For patients with pre-diabetes, a lab could identify and track these patients to avoid disease progression, a method that would be less costly than waiting for these patients to develop uncontrolled diabetes, which costs health systems an average of $10,500 per patient per year.
For a project designed to prevent premature births, TriCore identified lab tests and screening methods needed to monitor pregnant women and create a work list that was integrated into the health plan’s daily workflow for care coordinators. “Value for the demonstration project was measured using premature births, hospital costs, reimbursement for prenatal and postpartum quality measures, and ER visits,” wrote the researchers. As of last year, the three projects and associated data collection were still ongoing in New Mexico.
Insurers Use Lab Data for Clinical Insights
WHEN CLINICAL LABORATORIES PURSUE new ways of contracting, they want to know how health insurers will respond. The goal is to find ways that laboratories can be paid for contributing value to clinical care.
In recent years, TriCore Reference Laboratories of Albuquerque, N.M., developed new informatics solutions that use lab data and other clinical information to show how the lab can best serve health systems and payers delivering care under value-based payment arrangements.
To date, health insurers have not yet started paying for this work, but they are beginning to use lab test data for clinical insights, said Michael J. Crossey, MD, PhD, TriCore’s CEO and Chief Medical Officer.
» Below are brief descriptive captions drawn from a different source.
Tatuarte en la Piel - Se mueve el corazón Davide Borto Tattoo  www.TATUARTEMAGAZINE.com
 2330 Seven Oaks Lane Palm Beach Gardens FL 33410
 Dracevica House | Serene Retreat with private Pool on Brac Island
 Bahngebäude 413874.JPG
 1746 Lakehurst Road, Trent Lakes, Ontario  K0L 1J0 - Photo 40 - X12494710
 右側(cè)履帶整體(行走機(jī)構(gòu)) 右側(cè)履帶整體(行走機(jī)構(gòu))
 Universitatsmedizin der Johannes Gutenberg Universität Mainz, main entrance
Among some insurers, there is interest to pay labs such as TriCore that are on the leading edge of the Clinical Lab 2.0 movement, he added.
“Tricore has a contract in which it’s paid on a per-member-per-month basis to provide clinical insights, and that PMPM contract is outside of the lab services contract we have with that insurer,” he commented. “This contract might be the first of its kind for a lab.
“In addition, we have several prospective contracts under review with other insurers that we work with here in New Mexico,” he added. “What we’re learning is that lab data is not necessarily a magic bullet to control healthcare costs.
“That’s because somebody on the clinical delivery side of care has to deal with those patients who are revealed through lab work as needing some form of intervention,” explained Crossey. “Using lab data to put up a red flag isn’t going to bend the outcomes and cost curves. There has to be a system in place to initiate further action by clinicians.”